Well, when I first read about this, I just laughed. I shrugged my shoulders and said, "Eh, the French. What are you going to do?"

But then...I joined a new gym. It's closer to home and less crowded than my old gym, so it seemed a no-brainer. Everything was fine. They gave me a tour and showed me this thing called "Fit-linxx." Which I find both revolting and mesmerizing.

This system logs in every workout that you do on a machine at the gym, and then gives you "points" for every hundred pounds you lift or every five miles you run or whatever.

When the tour guy first told me about it, I thought: "Doesn't that strip every shred of in-the-moment joy from one's workout? To know that you're being surveilled and measured by some electronic chip?" Ugh. In short, I got all Finkielkraut on its ass.

But then, oh dear, how can I tell it? Then, I got hooked. I am now obsessed with my "points." I figured out how to record workouts that I do outside the gym. So, if I take a run around the resevoir, I immediately log it in to Fit-linxx. I am so filled with self-loathing I can hardly stand myself.

And yet, at the same time I am wondering if there is any cardiovascular benefit to self-loathing and if I can log it in....

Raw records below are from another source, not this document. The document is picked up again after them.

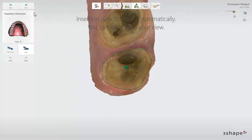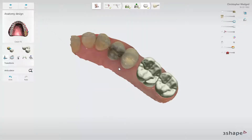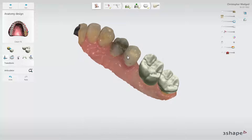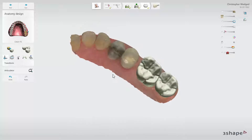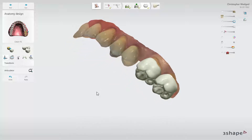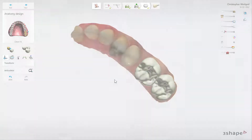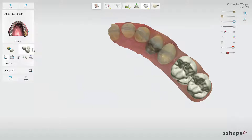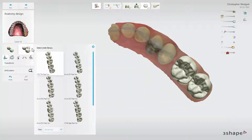Click Next to move on to the Anatomy design step. The software automatically generates valid designs for both restorations. You can select different available teeth designs from the Smile Library selector — simply click on the one you prefer and the software will create a valid design.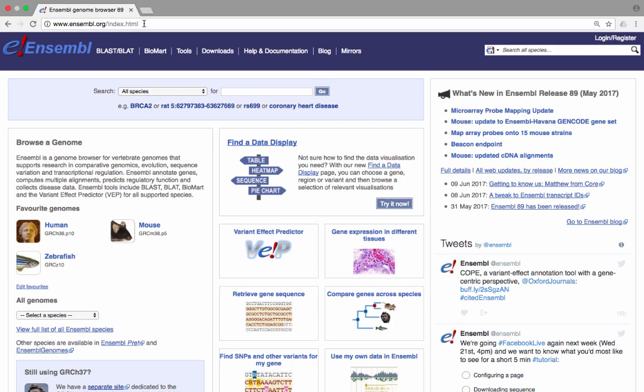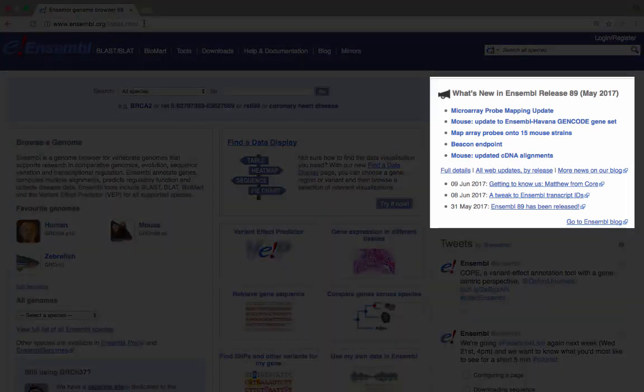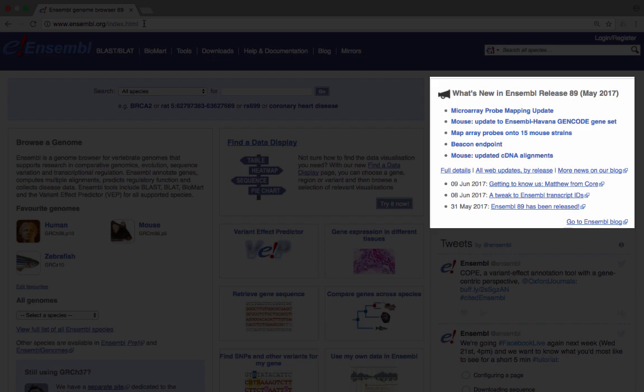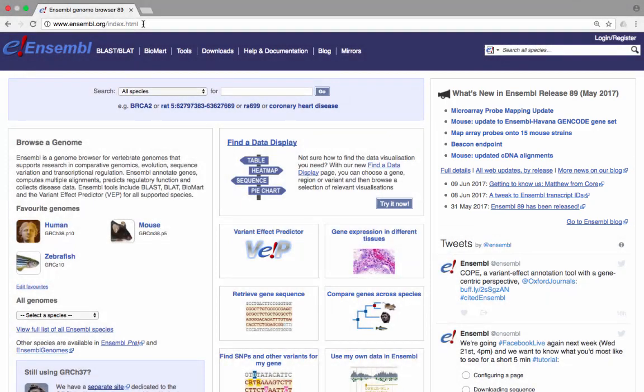Every two to three months, the browser and underlying databases are updated, which is all included in a single release version. The news in the top right of the homepage shows the current release version and announcements of the incorporation of new data, as well as updates and changes in the annotation. An archive link is present at the bottom of every page, which allows you to access older versions of Ensembl.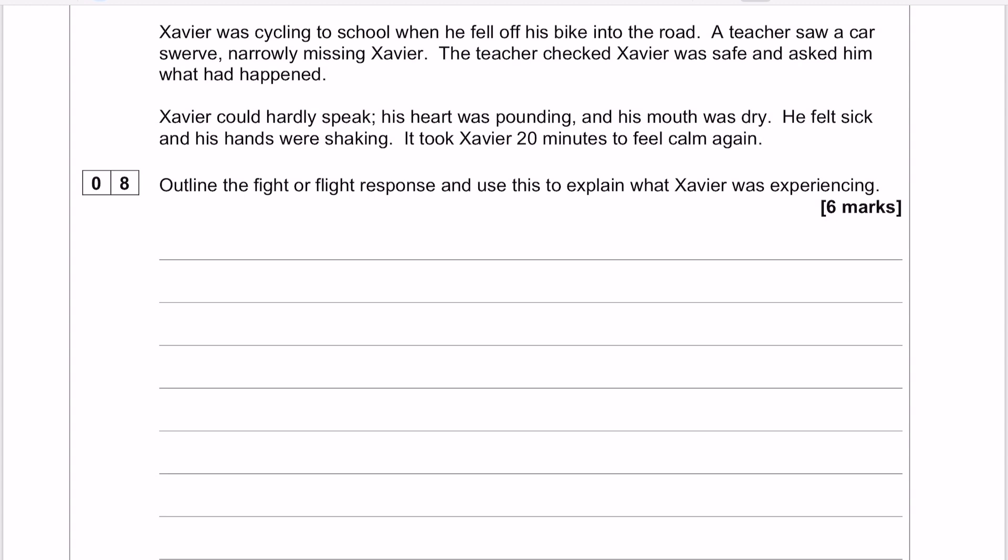It is 6 marks, which means we're going to be expecting a certain degree of detail. The question phrasing — 'outline' and 'explain' — suggests we are looking for 3 marks of AO1 (description or outline) and 3 marks of AO2 (application). Part of your answer outlines the fight or flight response, and then the second part applies it to the stem. If you want to have a go, pause it now and we'll look at the model answer.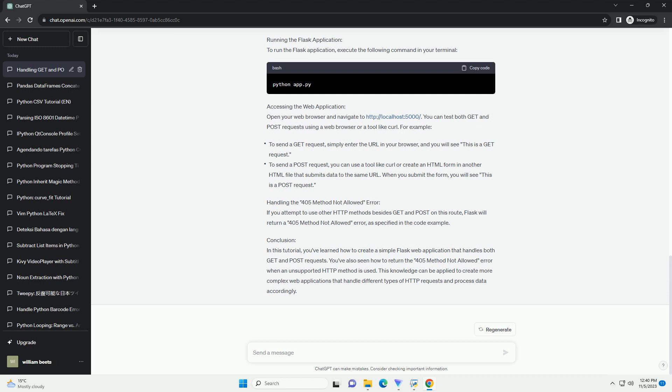Conclusion: In this tutorial, you've learned how to create a simple Flask web application that handles both GET and POST requests. You've also seen how to return the 405 method not allowed error when an unsupported HTTP method is used. This knowledge can be applied to create more complex web applications that handle different types of HTTP requests and process data accordingly.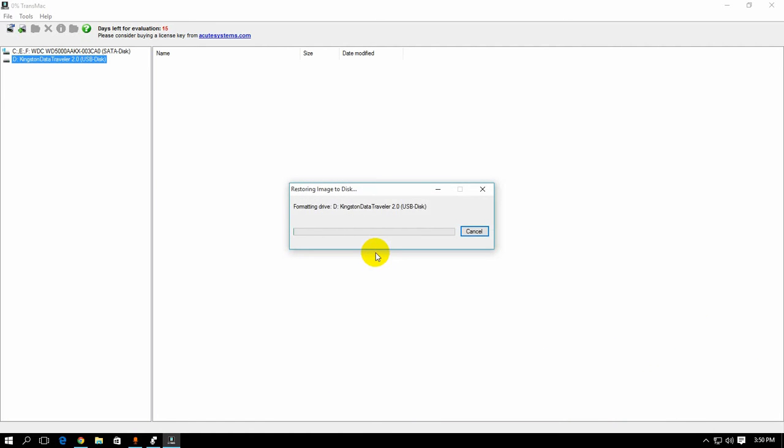This is going to erase all your data and restore the USB drive with the Minimal distribution. So this process is going to take some time. So I'm going to stop the video.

There is something insidious about this need to make our lives external, verifiable to ourselves. It's somehow real only insofar as it has an electronic expression somewhere (I have achieved a kind of meta-level of this by blogging about Fit-linxx: both my workout and my angst about it are now available in digital format).

Although, as I sit and decry the self-alienation of the computer age, I remember that it's just part of a continuum. In 5th century Greece, with the advent of book culture, people started keeping diaries of sorts, called "hypomnemata." Michel Foucault describes the phenomenon:

What seems remarkable to me is that these new instruments were immediately used for the constitution of a permanent relationship to oneself -- one must manage oneself as a governor manages the governed, as a head of an enterprise manages his enterprise, a head of household manages his household...So, if you will, the point at which the question of the hypomnemata and the culture of the self comes together in a remarkable fashion is the point at which the culture of the self takes as its goal the perfect government of the self – a sort of permanent political relationship between self and self. The ancients carried on this politics of themselves with these notebooks just as governments and those who manage enterprises administered by keeping registers. This is how writing seems to me to be linked to the problem of the culture of the self.


So, as they say, plus ca change.

I wonder what Foucault (rest in peace) would have had to say about the perniciousness of Fit-linxx?

Sunday, September 16, 2007

Happy Days

It can be a pretty grim world. There are days I can hardly bring myself to read the paper.

But sometimes the old world gets a shot in the arm. Something happens that puts a mark in the "things that are good" column of the ledger, and the world records a net gain.

Kinda puts all the other stuff in perspective.